The value of this is dynamically bound depending on how the function was called.
const myObj = {
number: 42,
action: function () {
let number = 22;
return this.number;
},
};
console.log(myObj.action()); // What will be the output?
In the global context, i.e., outside any function, this refers to the global object.

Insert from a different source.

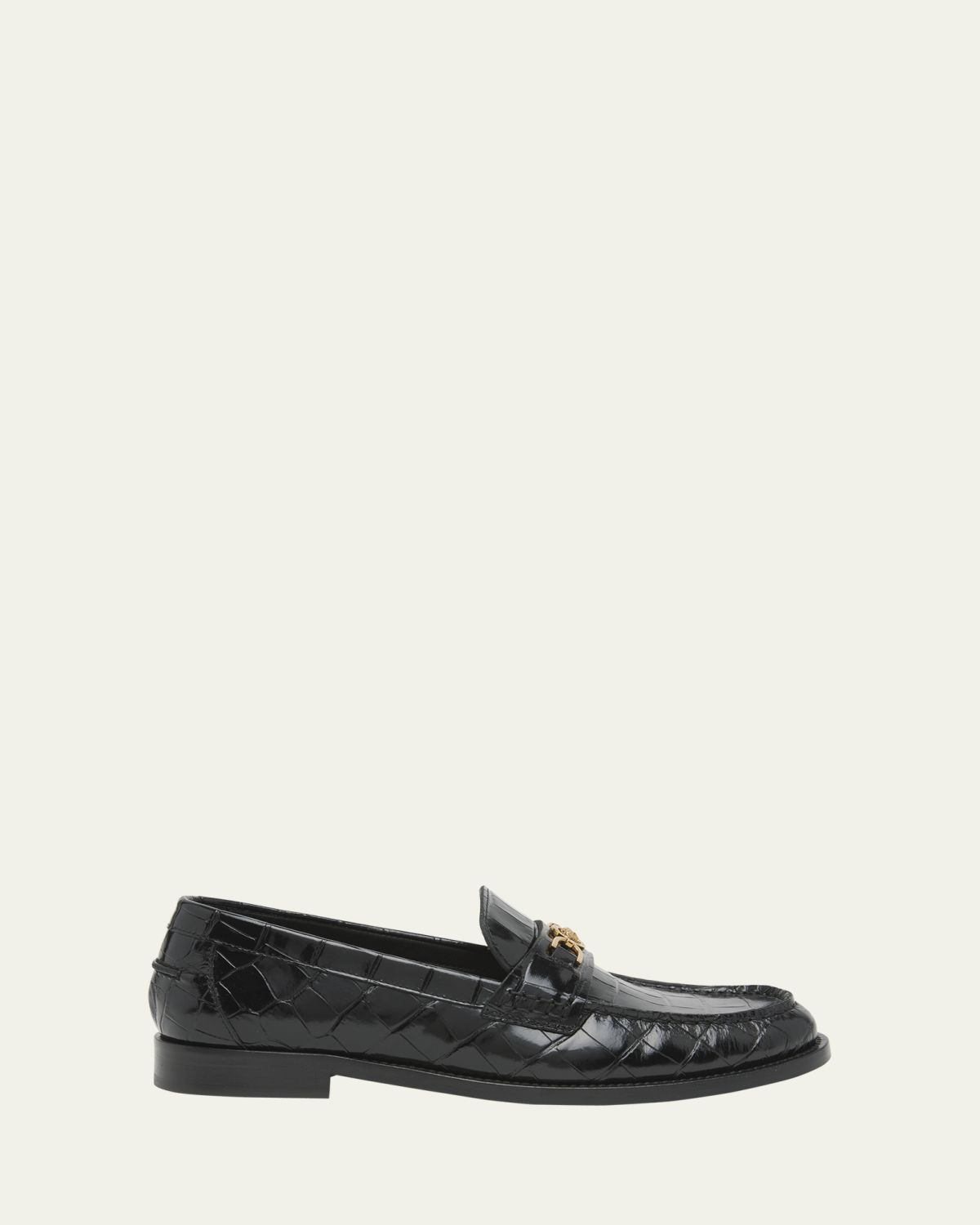 Versace Men's Croc-Effect Medusa Coin Bit Loafers | Thumbnail 6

When the execution environment is the browser, global object refers to the window object.
// BROWSER
var a = 'Pikachu';
let b = 'Bulbasaur';
console.log(this.a)
console.log(a);
console.log(this.b);
console.log(b);
// What will happen?
// NODE
var a = 'Pikachu';
let b = 'Bulbasaur';
console.log(this.a)
console.log(a);
console.log(this.b);
console.log(b);
// What will happen?
Inside a function, the value of this depends on how the function is being called.
function myFunc() {
return this;
}
// BROWSER:
console.log(myFunc()); // window
// NODE:
console.log(myFunc()); // globalThis
let myObj = {
action: myFunc
};
// BROWSER:
console.log(myObj.action()); // myObj
// NODE:
console.log(myObj.action()); // myObj
Implicit this binding
Using the methods bind, call and apply, we can explicitly control the this binding.
let myObj = {
description: 'myObj',
action: whatsThis
};
let description = 'global';
function whatsThis() {
console.log(this.description);
}
whatsThis(); // undefined as this refers to the global object
myObj.action(); // 'myObj'
whatsThis.call(myObj); // 'myObj'
whatsThis.apply(myObj); // 'myObj'
let newFunc = whatsThis.bind(myObj);
newFunc(); // 'myObj'
function printThisAndArguments() {
console.log(this, arguments);
}
let myObj = {
prop: 23
}
// CALL
printThisAndArguments.call(myObj, 'Grace', 'John'); // { prop: 23 } { '0': 'Grace', '1': 'John' }
// APPLY
printThisAndArguments.apply(myObj, ['Grace', 'John']); // { prop: 23 } { '0': 'Grace', '1': 'John' }
//BIND
const printMyObjAndArguments = printThisAndArguments.bind(myObj);
printMyObjAndArguments('Grace', 'John'); // { prop: 23 } { '0': 'Grace', '1': 'John' }
In arrow functions, this retains the value of the enclosing lexical context.
let description = 'global';
const whatsThis = () => {
console.log(this.description);
}
let myObj = {
description: 'myObj',
action: whatsThis
};
whatsThis();
myObj.action();
whatsThis.call(myObj);
whatsThis.apply(myObj);
let newFunc = whatsThis.bind(myObj);
newFunc();
// What will happen?
let myObj = {
action: function () {
return () => {
console.log(this);
}
}
};
myObj.action()();
// What about now?
function upperCaseArguments() {
return arguments.forEach(function (arg) {
return arg.toUpperCase();
});
}
// What will happen?
function upperCaseArguments() {
var argsAsArray = Array.prototype.slice.call(arguments);
return argsAsArray.map(function (arg) {
return arg.toUpperCase();
});
}
A closure is the combination of a function and the lexical environment within which that function was declared.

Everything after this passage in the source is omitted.